問われる“従業員体験”--「未来の仕事」に備えるには職場の育成が重要

永長純 小林伸睦 (シトリックス・システムズ・ジャパン)

2019-05-30 07:00

 「未来の仕事」に備えることは可能でしょうか? それほど昔ではない時代、仕事とはどちらかと言えば決まり切ったものでした。オフィスや店舗、学術機関のいずれであれ、仕事の内容はほぼ固定されていました。

 しかしファクスや電話会議、メールなど、その時々に主流となったテクノロジーにより、仕事はゆっくりと、ただし着実に変わってきました。とはいえ、人々が日々の仕事が従来から大きく変わったと感じることはありませんでした。今やこのような感覚は、過去のものとなってしまうかもしれません。
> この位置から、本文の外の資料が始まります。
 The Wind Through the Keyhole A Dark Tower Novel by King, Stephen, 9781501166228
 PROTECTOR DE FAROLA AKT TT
 Forbesの記事に紹介された専門家らの予想によれば、今後20年間で仕事は私たちが知っている姿から大きく変化します。職場におけるこの大きな変化は、人口動態の推移、グローバル化、モバイルコンピューティング、機械学習、自動化などの大きな動きによって加速されます。「未来の仕事」についてはさまざまな疑問が浮かびますが、「果たして“未来の仕事”に備えることは可能か?」という点がもっと大きな懸念事項かと思います。

未来の仕事に備える:職場を育成する

 2013年に2人の研究者が、コンピューターの進歩による仕事への影響の程度を調査(PDF)しました。この調査では700を超える職業が、主にルーチン的な仕事を中心として特に影響を受けやすいと推定されています。
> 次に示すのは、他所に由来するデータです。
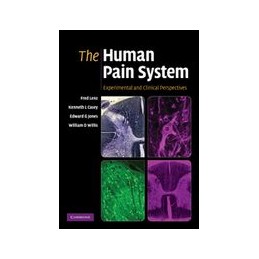The Human Pain System:...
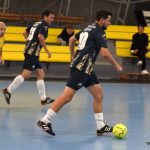 Na Písecku se rozběhla futsalová sezona, letos se bojuje ve dvou ligách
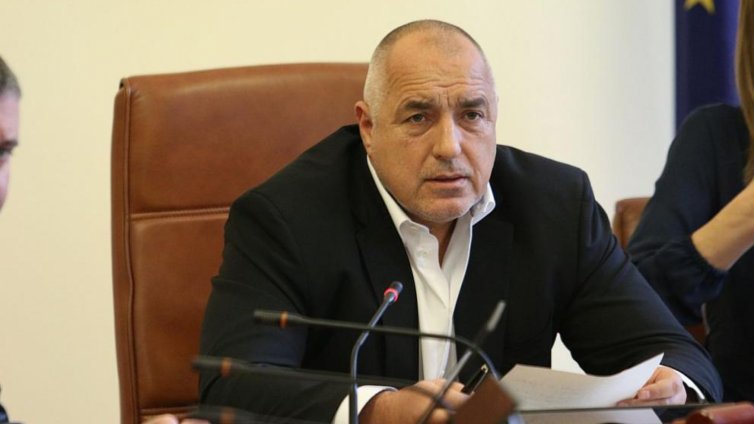 България ще кандидатства за чакалнята на еврозоната до края на април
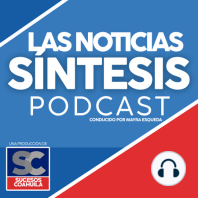 David Faitelson y André Marín debutan en Televisa; esto y más, en nuestro podcast deportivo del 13 de Noviembre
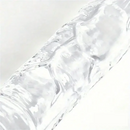 13.18in Realistic Double Headed Long Dildo For Female Male Love Pleasure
 しかしMcKinseyの最近の調査では、世界中で最大8億人分の職が自動化によって消失する可能性があるが、完全に自動化される職は現在の5%に留まるとされています。またGartnerは2020年までに人工知能によって作り出される職の数は、それによって失われる職の数を上回ると予想しています。企業は従業員を再教育し、イノベーションを活用し、また未来の仕事に必要なスキル育成に注力しなければなりません。
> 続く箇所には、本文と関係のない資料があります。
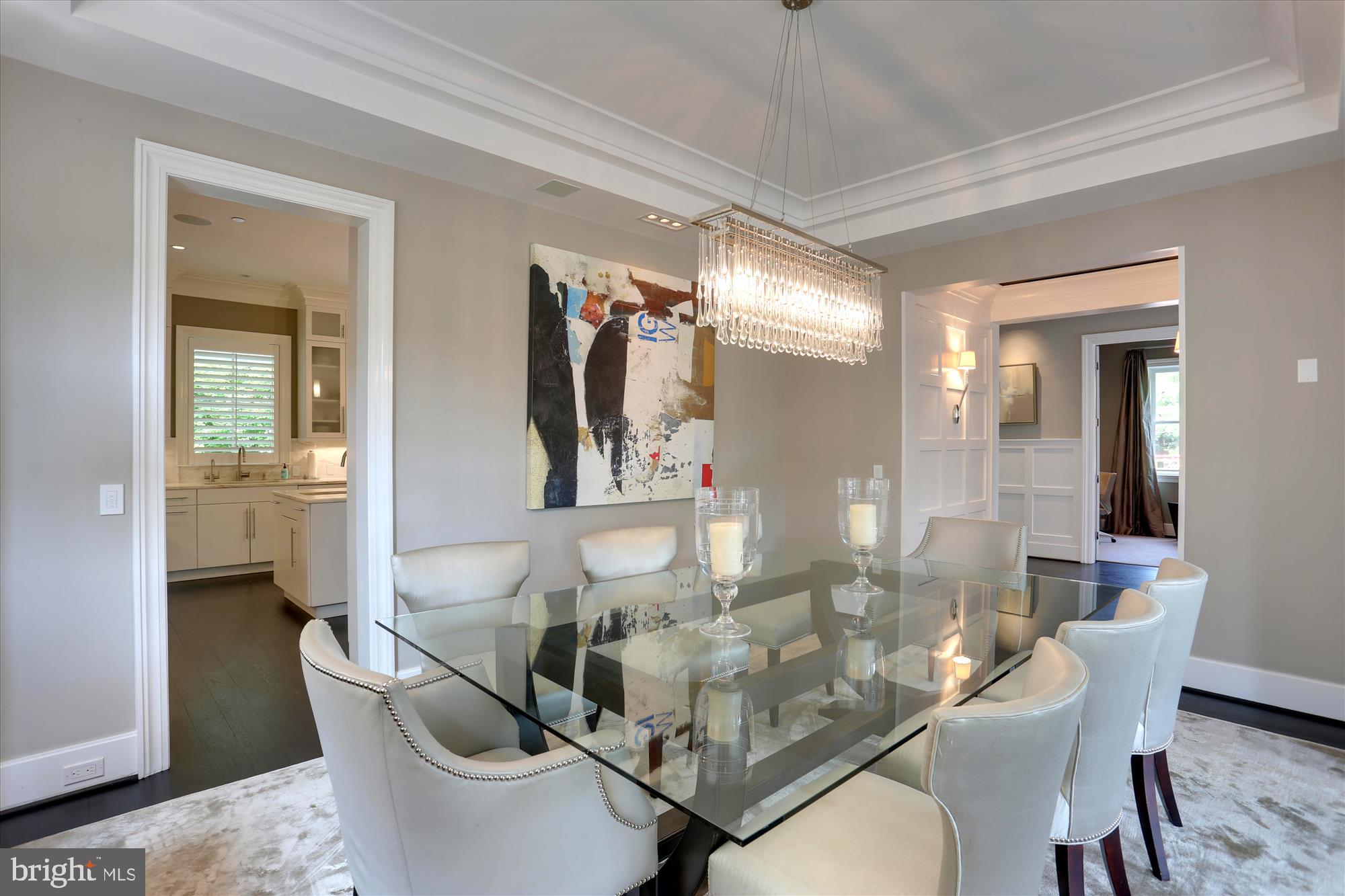 EDGEMOOR - Residential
 未来の仕事には、以下の項目を中心としたスキルを持つ従業員が求められます。

  • クリエイティブなインテリジェンス
  • ソーシャルなインテリジェンス
  • 情緒面でのインテリジェンス
  • 人工知能

 従業員としての人に対する需要はなくなりませんが、必要とされるスキルの種類は変化し続けます。企業が仕事にふさわしい従業員を確保し続けるためには、従業員に新たなスキルを身につけさせる、あるいは自動化できないスキルを持つ従業員を新たに雇用する必要があります。

“従業員体験”への投資が鍵

 Forbesによれば、コミュニケーション手段、職場の国際的な多様化、自動化と機械学習を含むさまざまな要因により職場の変化が加速しています。従業員には従来よりもさらに多くの生産性や効率の改善ツールが用意されていますが、企業の多くは依然として未来の仕事が持つ可能性を解き放つ必要な、テクノロジーと生産性との間における適切なバランスを見出せないでいます。